Touch something sharp or hot, and your limb pulls back before you're even consciously aware of the pain.
It's protective,
ipsilateral—same side of the body—and polysynaptic.
It can be over -kidded by conscious effort sometimes, though.
And this often happens with the
Yes, especially in weight -bearing limbs.
If you step on a tack, triggering a flexor reflex in that leg to lift it, the crossed extensor reflex activates muscles in your other leg to extend and support your weight, keeping you from falling over.
So you get ipsilateral flexion and contralateral extension.
It's vital for balance.
A complex coordination, all happening at the spinal cord level.
Amazing.
Lastly,
superficial reflexes,
like the plantar reflex.
These are elicited by gentle stimulation of the skin.
The plantar reflex tests the integrity of the spinal cord from L4 to S2 and the corticospinal tracts.
Normally, stroking the sole of the foot causes the toes to curl downward.
Flex.
But sometimes they go up.
Babinski sign.
Right.
If the primary motor cortex or corticospinal tract is damaged, you see Babinski sign.
The big toe extends upward, and the other toes fan out.
This is normal in infants under a year old because their nervous systems aren't fully myelinated yet, but it's a sign of trouble in adults.
What an incredible, intricate system the peripheral nervous system is.
We've gone from the tiniest sensor receptors all the way through nerve highways, motor commands, and reflexes.

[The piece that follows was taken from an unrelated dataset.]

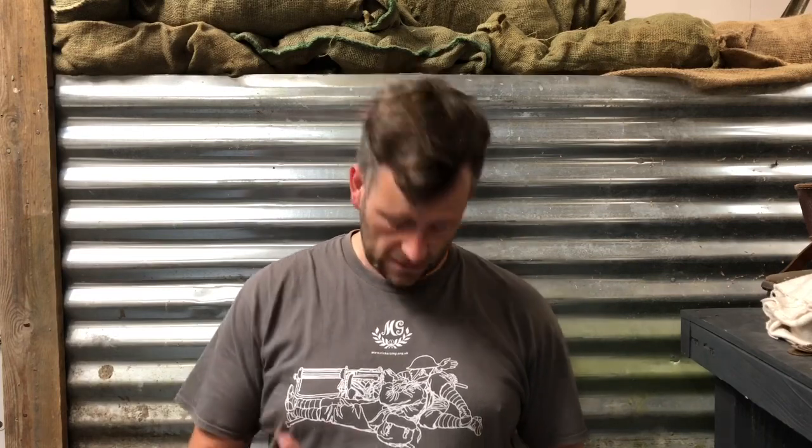Hi there, welcome to another video from the Vickers MG Collection and Research Association. Quick reminders as always, a bit of an advertorial. Please do support us through Patreon if you can or PayPal. All of that information is on the website. Please visit our shop as well and buy some of these t-shirts that we've had designed through Teespring. Please go online and support the association as much as possible.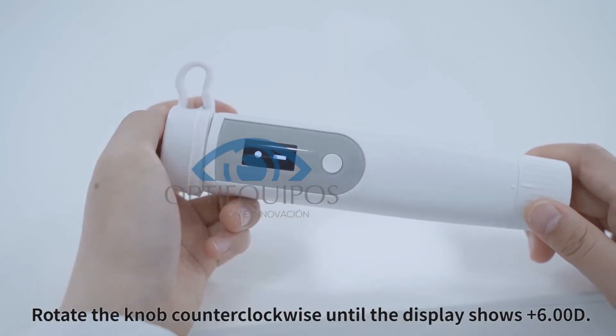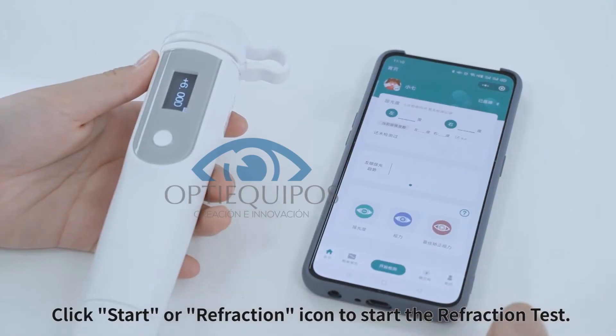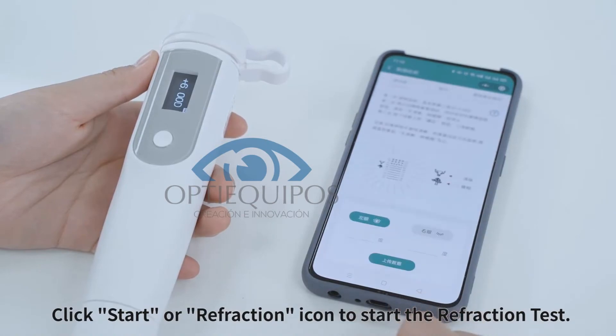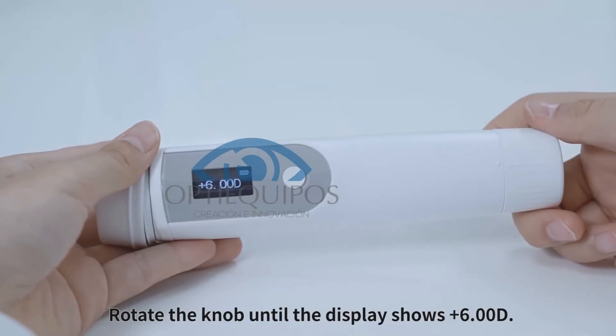Turn on the machine and rotate the knob clockwise until the display shows plus 6D. Press the action icon to start the refraction test, then rotate the knob until the display shows plus 6D.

It really is the unsung hero, isn't it?
This vast network connecting our central command with every single part of our body in the external world.
Without it, the brain would be isolated and our bodies unresponsive.
Yeah, every sensation, every movement, every quick reaction, it all depends on the PNS functioning smoothly, mostly beneath our conscious awareness.
The level of detail, the speed, the coordination involved in something as simple as walking across a room or picking up a cup is just staggering when you break it down.
It absolutely is.
So as you go about your day, maybe take a moment to appreciate it.
Think about other simple things you do, maybe typing, maybe just maintaining your balance while standing, and consider the complex, unconscious symphony being conducted by your PNS.
It truly is a biological marvel.
Thank you all for joining us for this deep dive into the peripheral nervous system.
We really appreciate you being part of our last minute lecture family.